▶ WHAT YOU SHOULD DO
Lines below starting with the line with "Neuroendoscopia e tratamento" and going on through the line with "CT以外にも超音波検査も画像診断の1つのツールとして使います" must be output exactly; the rest of the records must be left out.

▶ TASK INPUT
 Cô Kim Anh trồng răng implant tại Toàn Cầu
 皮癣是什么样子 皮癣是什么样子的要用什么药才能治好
--
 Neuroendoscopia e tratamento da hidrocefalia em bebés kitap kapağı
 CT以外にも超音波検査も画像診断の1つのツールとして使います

▶ RESPONSE FOR THIS EXERCISE
 Neuroendoscopia e tratamento da hidrocefalia em bebés kitap kapağı
 CT以外にも超音波検査も画像診断の1つのツールとして使います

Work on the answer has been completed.